- Oinam Bembem Devi is a pioneering figure in Indian women’s football
- Former national captain nicknamed after a beloved Hindu goddess
- She says “the sky is the limit” after the country hosts the U-17 Women’s World Cup
The most prominent figures in Indian football have described her as “a living legend” and “a flagbearer” for the women’s game.
But there is a moniker that has stuck more closely to Oinam Bembem Devi: ‘Durga of Indian Football’. As Bembem Devi herself explains, there can be no higher praise. “Durga is a [Hindu] goddess celebrated all over India to rejoice in the triumph of good over evil,” she said, smiling, “so I didn’t know how to react to being given that name. That someone could be nicknamed ‘Durga’ for playing football was a huge inspiration, and an honour.”
The grandness of the title reflects the esteem in which Bembem Devi is held, and the influence she carries. A beloved former India captain, she began her international career at the tender age of just 15 and remained a standout until her retirement in 2016, inspiring the team to new heights along the way.
Her service was recognised by the national government with an Arjuna Award, for outstanding achievement in sport, and more recently when she became the first women’s footballer to be named a Padma Shri – India’s fourth-highest civilian honour. But like so many other pioneering female figures, her early steps in the beautiful game were fraught with difficulties.
Though drawn to football by “the simplicity of the sport, and the joy in kicking the ball”, she found herself forced to change her name – ‘Bobo’ and ‘Amko’ were favourite pseudonyms – to play with the local boys. “Had I told them my name was Bembem they would have understood I was a girl and not taken me in their team to play,” she explained.
Her parents’ attitude represented an equally significant barrier. “One needs to understand the socio-cultural context to understand their mindset,” she said. “They wanted me to concentrate on my studies. At that time, I disagreed with them. But now when I look back and try to see things from their perspective, I understand.
“It meant extra work for me because I had to compensate for lost time studying, as there was no way I would give up football. I had to balance both. It was tough. But eventually the ice melted a bit, when I first made it to the Indian national team. There were smiles all over, and once I scored for India, there was no looking back.

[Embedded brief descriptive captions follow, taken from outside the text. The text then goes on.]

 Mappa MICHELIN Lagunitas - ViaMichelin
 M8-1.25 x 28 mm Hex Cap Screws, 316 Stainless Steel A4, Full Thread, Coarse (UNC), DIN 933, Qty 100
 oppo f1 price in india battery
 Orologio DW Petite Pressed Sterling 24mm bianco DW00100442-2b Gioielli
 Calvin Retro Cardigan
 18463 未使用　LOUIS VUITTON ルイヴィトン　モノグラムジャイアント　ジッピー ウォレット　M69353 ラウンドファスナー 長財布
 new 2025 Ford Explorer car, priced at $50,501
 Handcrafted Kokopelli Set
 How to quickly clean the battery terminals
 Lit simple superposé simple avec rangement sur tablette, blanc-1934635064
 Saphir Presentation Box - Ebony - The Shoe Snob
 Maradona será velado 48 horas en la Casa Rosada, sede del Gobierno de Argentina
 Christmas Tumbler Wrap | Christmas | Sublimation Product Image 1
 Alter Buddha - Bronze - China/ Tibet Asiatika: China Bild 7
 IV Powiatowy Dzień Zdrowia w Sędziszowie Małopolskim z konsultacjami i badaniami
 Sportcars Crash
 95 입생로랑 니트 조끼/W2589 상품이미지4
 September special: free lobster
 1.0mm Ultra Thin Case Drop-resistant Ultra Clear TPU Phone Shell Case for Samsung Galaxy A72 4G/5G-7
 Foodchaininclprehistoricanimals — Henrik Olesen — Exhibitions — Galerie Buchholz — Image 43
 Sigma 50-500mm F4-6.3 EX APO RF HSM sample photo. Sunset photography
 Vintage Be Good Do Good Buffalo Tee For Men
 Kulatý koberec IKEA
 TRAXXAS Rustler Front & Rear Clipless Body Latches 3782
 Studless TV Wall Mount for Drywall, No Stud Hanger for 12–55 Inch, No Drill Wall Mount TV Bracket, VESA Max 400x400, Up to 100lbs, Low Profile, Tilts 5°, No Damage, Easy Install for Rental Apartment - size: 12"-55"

“I feel I have been able to show girls that they should follow their dreams. But at the same time they shouldn’t be rebels and fight against the wishes of their parents – you need to find that balance. But if I have been able to inspire even 11 girls to play the sport, I feel I have played my part.”
There will certainly be no-one prouder when 11 Indian girls line up on the world stage for the first time this November. That is when the country will host the FIFA U-17 Women’s World Cup, and Bembem Devi’s only regret is that she isn’t young enough to take the field herself.
“When I was a player, I couldn’t even dream that my country would host a World Cup like this,” she said. “The girls are so lucky – sometimes I get a bit jealous [laughs]! The confidence, the interest, the development, the inspiration will all come from this tournament. And then the sky is the limit.
“I can’t express in words how happy I was when I heard we would be hosting this tournament, and I need to praise the AIFF for bringing it to India. It shows how serious they are about developing women’s football.”
Bembem Devi also has first-hand knowledge of the team that will be entrusted with defending Indian honour at the U-17 finals, having acted as its assistant coach in recent years.
“They are an ambitious bunch of girls who are willing to work like anything,” she said. “Commitment-wise, they are ready to make inroads. They are also training under Thomas Dennerby, and I’m sure everyone in the game understands that Mr Dennerby knows a thing or two about women’s football.”
When it comes to experts, it takes one to know one. And if India’s experienced Swedish coach has any questions about women’s football in his adopted country, he knows there is a Durga ready and willing to lend a hand.